- [Available records]
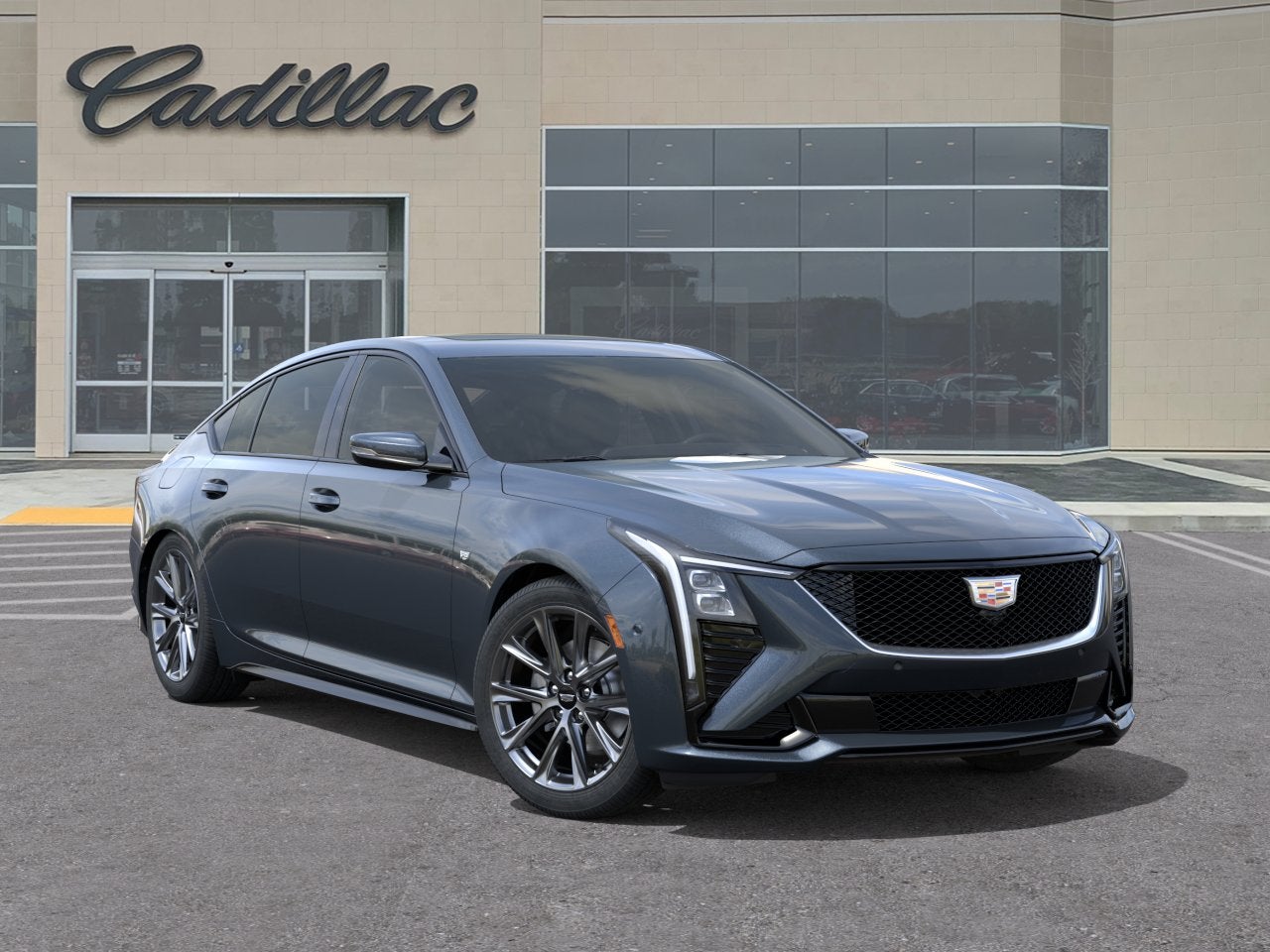 2026 Cadillac CT5 Sport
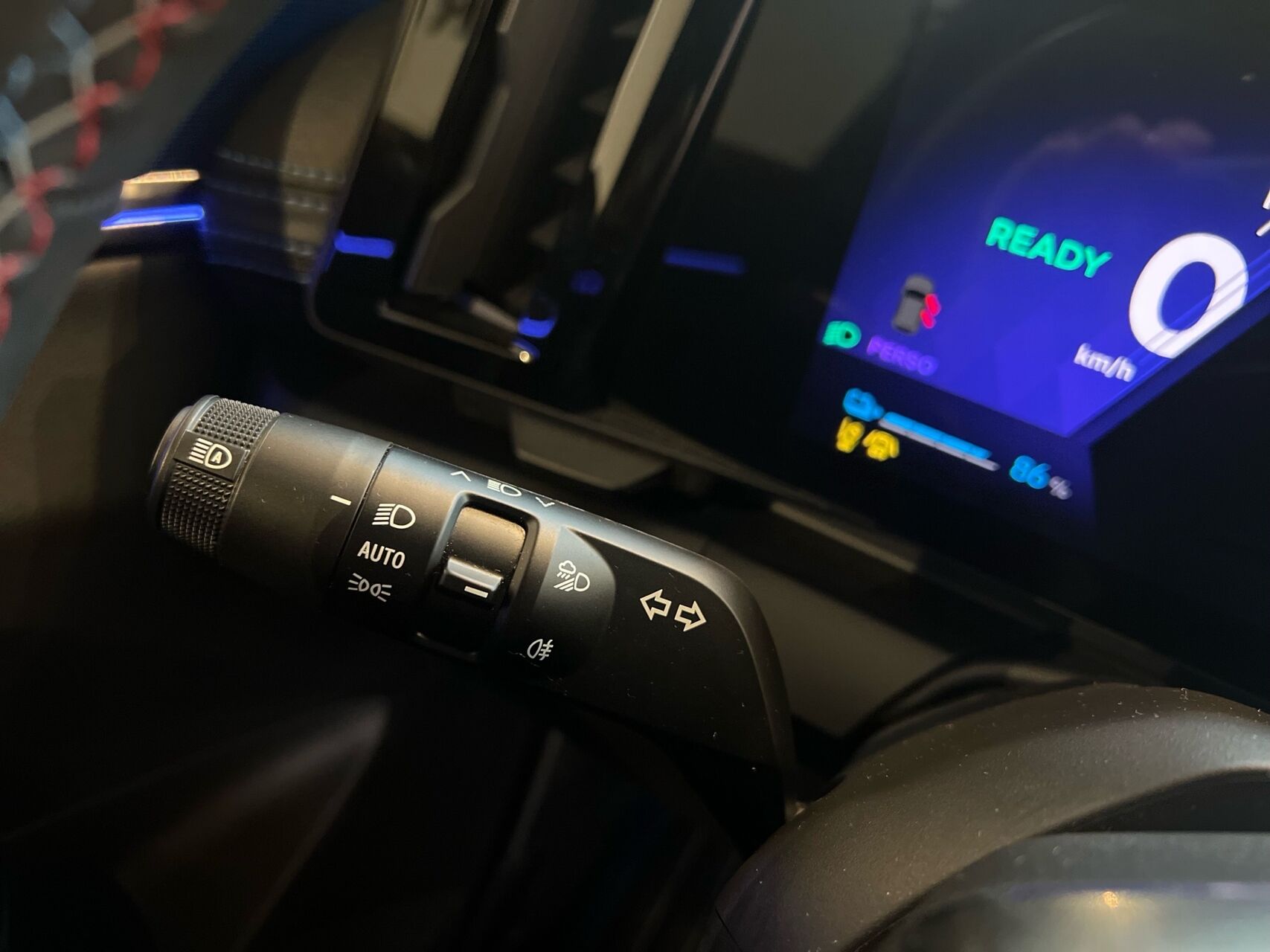 Billede af Renault Scénic E-TECH Esprit Alpine 220HK Aut.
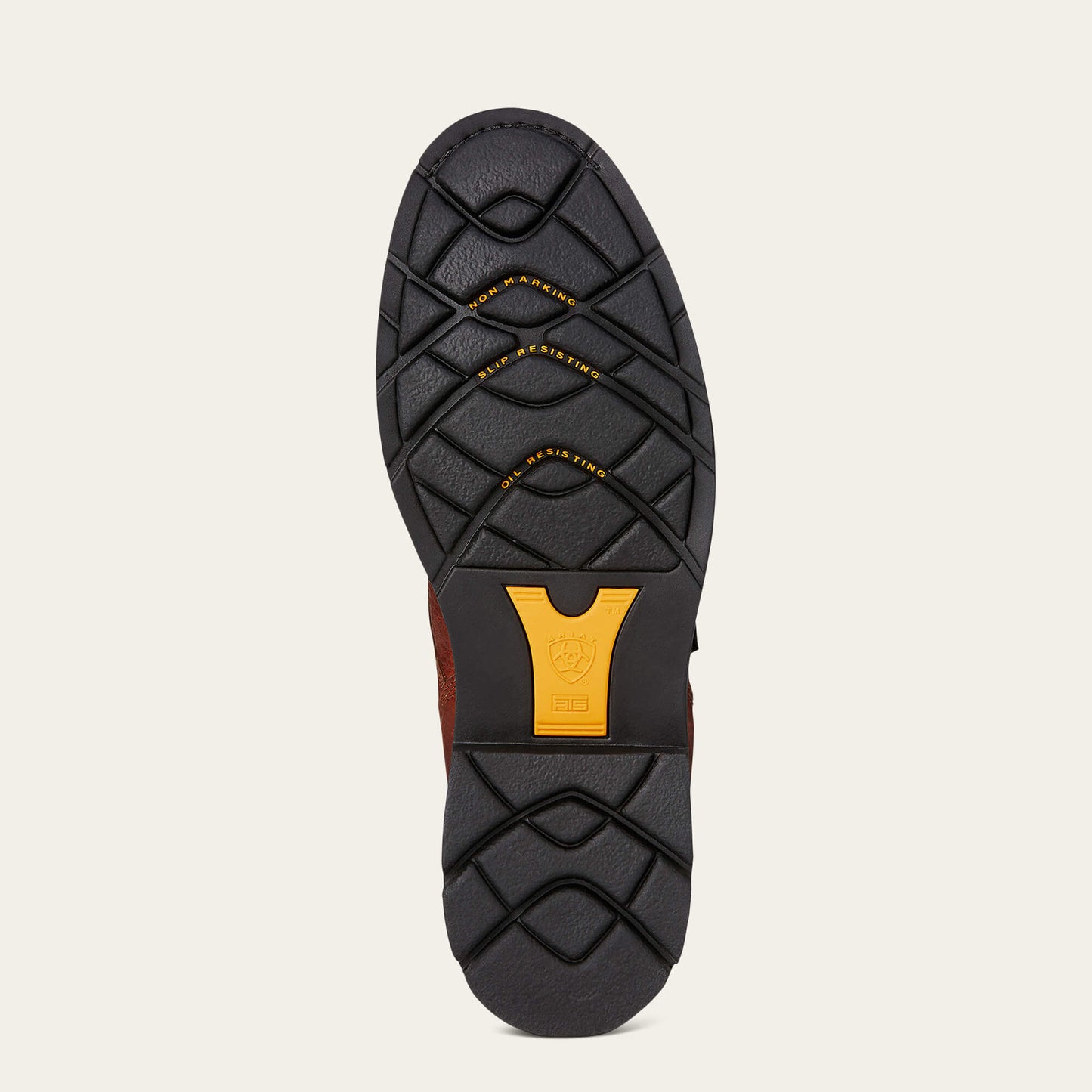 Ariat US - Cascade 8" Waterproof Work Boot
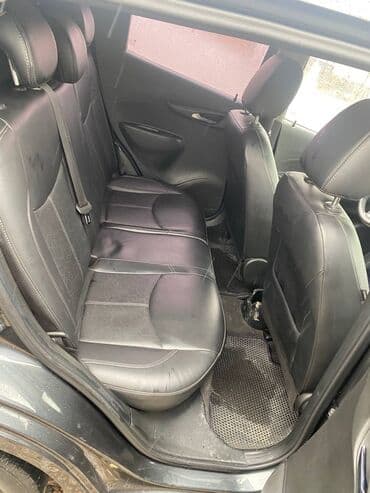 радиатор опель зафира а: Chevrolet Spark: 2017 г., 1 л, Автомат, Бензин, Хэтчбэк — 7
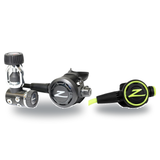 Zeagle Regulator + Octopus Package – F8 Regulator + F8 Octopus — Zeagle Onyx II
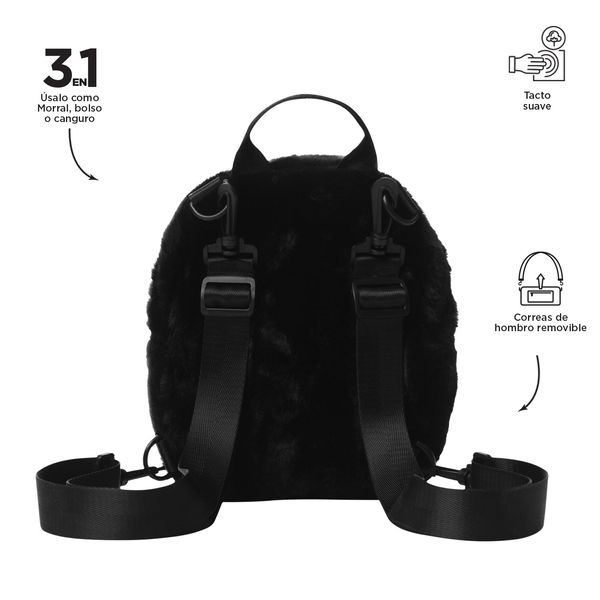 Mochila Chica 3 en 1 | 3 L YUEN FASHION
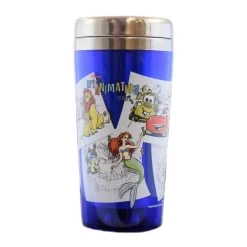 Disney Tumbler - Art Of Animation Resort - Movie Scenes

- [Your assignment]
Each line from the one with "радиатор опель зафира" to the last line of the listing should be returned exactly, both ends included, and no picture with them.

- [Result of the exercise]
 радиатор опель зафира а: Chevrolet Spark: 2017 г., 1 л, Автомат, Бензин, Хэтчбэк — 7
 Zeagle Regulator + Octopus Package – F8 Regulator + F8 Octopus — Zeagle Onyx II
 Mochila Chica 3 en 1 | 3 L YUEN FASHION
 Disney Tumbler - Art Of Animation Resort - Movie Scenes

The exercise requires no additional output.